* **What the task asks**
Needed from the data below: all lines that contain the word "Leather".

Web page caption snippets:
┏━━

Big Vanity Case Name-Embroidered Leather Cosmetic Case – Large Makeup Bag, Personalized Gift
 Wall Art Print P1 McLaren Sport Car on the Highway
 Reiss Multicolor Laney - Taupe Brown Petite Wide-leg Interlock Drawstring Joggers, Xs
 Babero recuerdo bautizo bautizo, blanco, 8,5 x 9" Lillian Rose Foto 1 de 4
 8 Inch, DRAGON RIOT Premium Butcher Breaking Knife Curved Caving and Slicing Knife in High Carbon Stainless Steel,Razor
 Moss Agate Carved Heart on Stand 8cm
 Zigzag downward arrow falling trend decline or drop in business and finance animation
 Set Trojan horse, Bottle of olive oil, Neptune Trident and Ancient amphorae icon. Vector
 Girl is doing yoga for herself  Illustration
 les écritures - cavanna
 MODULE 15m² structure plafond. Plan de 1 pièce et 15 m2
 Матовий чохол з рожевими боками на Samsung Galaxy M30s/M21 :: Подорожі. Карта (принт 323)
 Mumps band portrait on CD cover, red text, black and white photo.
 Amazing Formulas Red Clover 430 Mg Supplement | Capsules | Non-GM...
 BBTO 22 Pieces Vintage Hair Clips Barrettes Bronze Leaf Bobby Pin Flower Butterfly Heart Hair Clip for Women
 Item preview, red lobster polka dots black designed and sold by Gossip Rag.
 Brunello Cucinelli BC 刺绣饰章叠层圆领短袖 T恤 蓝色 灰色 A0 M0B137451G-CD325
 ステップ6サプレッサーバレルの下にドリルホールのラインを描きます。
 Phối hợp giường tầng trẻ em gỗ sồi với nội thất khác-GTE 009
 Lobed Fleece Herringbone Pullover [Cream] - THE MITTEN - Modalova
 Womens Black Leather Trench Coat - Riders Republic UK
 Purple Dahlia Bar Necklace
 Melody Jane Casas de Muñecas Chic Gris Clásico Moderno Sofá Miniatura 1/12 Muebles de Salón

┗━━

* **Answer section**
Big Vanity Case Name-Embroidered Leather Cosmetic Case – Large Makeup Bag, Personalized Gift
 Womens Black Leather Trench Coat - Riders Republic UK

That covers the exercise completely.